I thought that virtualenv was supposed to encapsulate and hide all of your packages that were already installed. But when I type
$sudo virtualenv -p /usr/bin/python3 testenv
$source ~/testenv/bin/activate
$sudo pip list
I get:
apt-xapian-index (0.45)
argparse (1.2.1)
chardet (2.0.1)
cmsplugin-filer (0.10)
colorama (0.2.5)
command-not-found (0.3)
debtagshw (0.1)
defer (1.0.6)
dirspec (13.10)
...and many more
Even with the --local
parameter. Is virtualenv broken?
Also when I type: $ which pip
I still get: /home/jelikraftuser/testenv/bin/pip
Which seems correct.
Reading the answers in this post: pip installing in global site-packages instead of virtualenv
I found the suggestion to run pip directly with $sudo ~/testenv/bin/pip list
and it actually worked, it only listed 2 packages. However when I run which pip
it lists the pip in the virtualenv as being the one which would be run.
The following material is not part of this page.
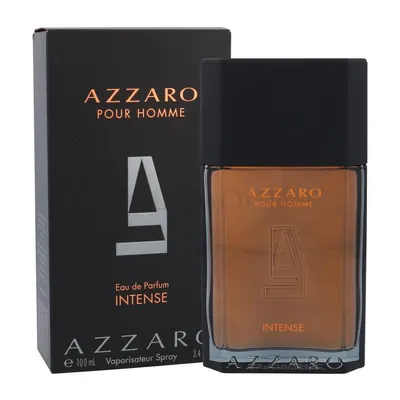 Azzaro Pour Homme Intense EDP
So I'm sort of lost at this point. Calling the pip list with the full path gives me the correct (small) list of two packages, and calling pip list without the full path gives me a giant list of packages, which is incorrect. So, where do I go from here?
How can I make it not recognise globally installed packages as being installed in the virtualenv when I run pip without the full path?
OKAY UPDATE! This is kinda interesting:
(testenv)$ pip --version
pip 1.5.6 from /home/jelikraftuser/testenv/lib/python3.4/site-packages (python 3.4)
(testenv)$ sudo pip --version
pip 1.5.4 from /usr/lib/python2.7/dist-packages (python 2.7)
When I run pip as sudo it runs one, and when i run it as non-sudo it runs a different pip. Why would it do that? And if I'm going to be installing a package, i'll be running it as sudo, so I need sudo to use the correct pip.
Second update:
Reading this stackoverflow:sudo changes PATH - why? I found that on ubuntu you cannot change the path variable for sudo, but this still confuses me since it was working before... So I'm still confused. Insight anyone? Previously I could type sudo pip list in a virtualenv and get a near-empty list. Does it do the same for you?
EDIT 3: What else it does:
When I run sudo pip install --download-cache=~/.pip-cache -r piprequirements.txt
it says that everything is already installed but when I enter python I cannot import them, but when I run python as sudo I can import them. So superuser can see packages that are globally installed > but I need to use sudo to install packages > so I can't install packages that are already globally installed. Also when I try to run pip3 as sudo, it says sudo: pip3: command not found
. So this is definately an issue with ubuntu and how the environment path changes when you run sudo. Is not everyone else running into this issue then? I'm sure lots of people are using ubuntu, no?